TOWARDS A NEAR REAL-TIME AGRICULTURAL DROUGHT MONITORING AND FORECASTING

NON-TECHNICAL SUMMARY: Our research objectives, which align with the NIFA objectives is quite relevant due to recent drought situations nationwide in that it will help to improve agricultural water management under drought scenarios. The funding will be used to improve technologies to provide near real-time drought forecast information for farmers, ranchers, forest owners and managers, public policy experts, public and private managers and citizens to improve water resource quantity. Currently two major limitations that exists in agricultural drought monitoring/forecasting are: (i) soil moisture derived from hydrologic models or remote sensing products provide aggregated information at coarse resolution and often witness larger uncertainty, however, the agricultural drought relies on finer/local scale information; (ii) the agricultural drought is monitored and forecasted using available soil moisture at a uniform (constant) depth, which may not be suitable in real world scenarios.

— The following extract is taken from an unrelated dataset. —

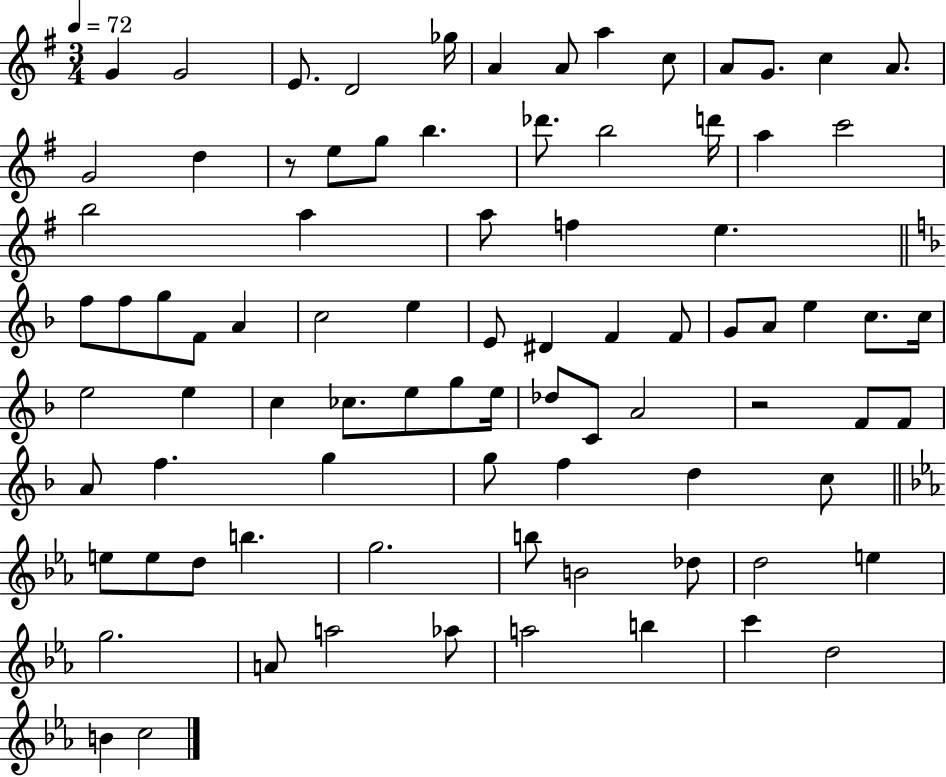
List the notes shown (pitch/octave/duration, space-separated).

G4/q G4/h E4/e. D4/h Gb5/s A4/q A4/e A5/q C5/e A4/e G4/e. C5/q A4/e. G4/h D5/q R/e E5/e G5/e B5/q. Db6/e. B5/h D6/s A5/q C6/h B5/h A5/q A5/e F5/q E5/q. F5/e F5/e G5/e F4/e A4/q C5/h E5/q E4/e D#4/q F4/q F4/e G4/e A4/e E5/q C5/e. C5/s E5/h E5/q C5/q CES5/e. E5/e G5/e E5/s Db5/e C4/e A4/h R/h F4/e F4/e A4/e F5/q. G5/q G5/e F5/q D5/q C5/e E5/e E5/e D5/e B5/q. G5/h. B5/e B4/h Db5/e D5/h E5/q G5/h. A4/e A5/h Ab5/e A5/h B5/q C6/q D5/h B4/q C5/h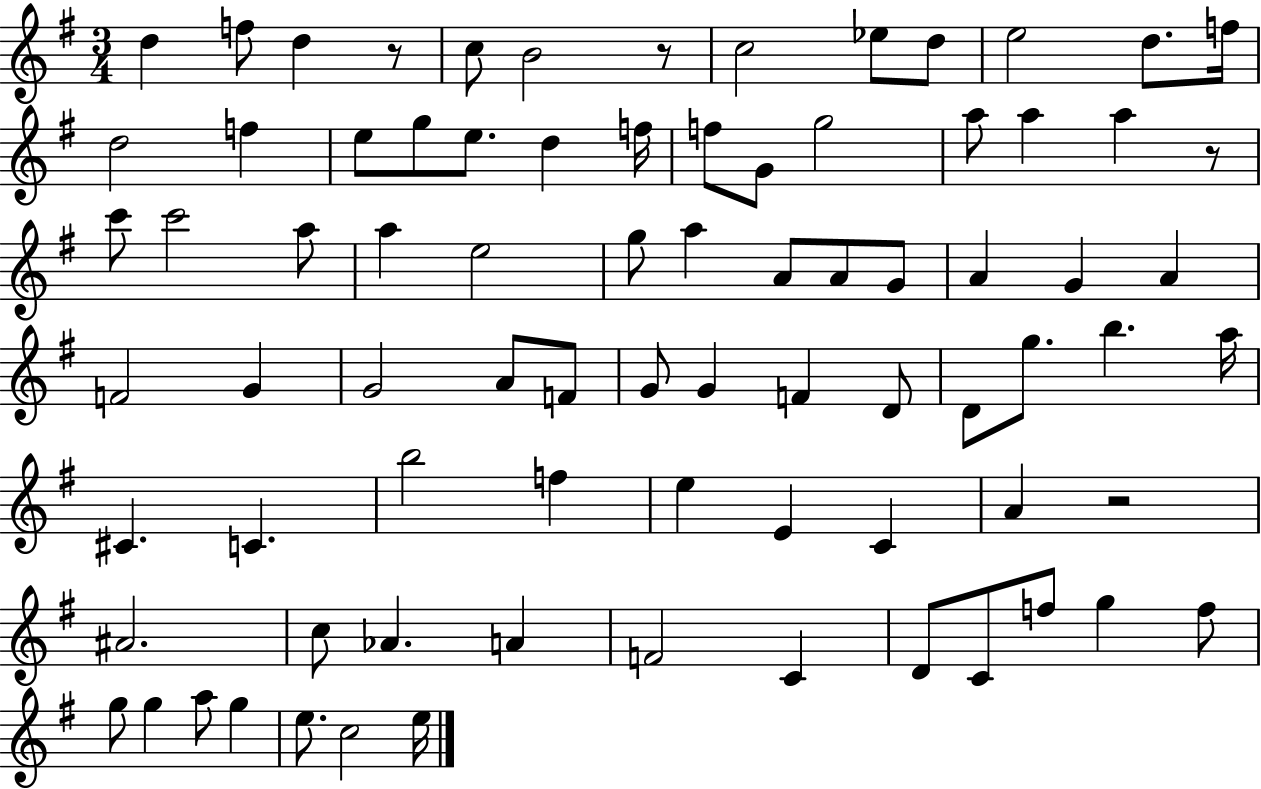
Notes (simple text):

D5/q F5/e D5/q R/e C5/e B4/h R/e C5/h Eb5/e D5/e E5/h D5/e. F5/s D5/h F5/q E5/e G5/e E5/e. D5/q F5/s F5/e G4/e G5/h A5/e A5/q A5/q R/e C6/e C6/h A5/e A5/q E5/h G5/e A5/q A4/e A4/e G4/e A4/q G4/q A4/q F4/h G4/q G4/h A4/e F4/e G4/e G4/q F4/q D4/e D4/e G5/e. B5/q. A5/s C#4/q. C4/q. B5/h F5/q E5/q E4/q C4/q A4/q R/h A#4/h. C5/e Ab4/q. A4/q F4/h C4/q D4/e C4/e F5/e G5/q F5/e G5/e G5/q A5/e G5/q E5/e. C5/h E5/s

OBJECTIVES: Agricultural drought, usually, refers to a period with declining soil moisture and consequent crop failure without any reference to surface water resources. A decline of soil moisture depends on several climate-catchment variables; therefore by incorporating high resolution real time soil moisture into drought monitor will improve predicting agricultural drought at near real-time conditions. This is important as farmers/growers require real-time information on status of soil moisture availability to decide 'when to irrigate and how much to irrigate'. Additionally, the drought forecasted information will indicate whether the ongoing drought will be progressive or recessive in nature. So far, advancement is made in agriculture drought monitoring, however limited success was observed for developing near realtime forecasting capabilities. The models, interactive analysis and results will be disseminated for use by different stakeholders. These tools/models will be designed for application and deployment anywhere in the U.S.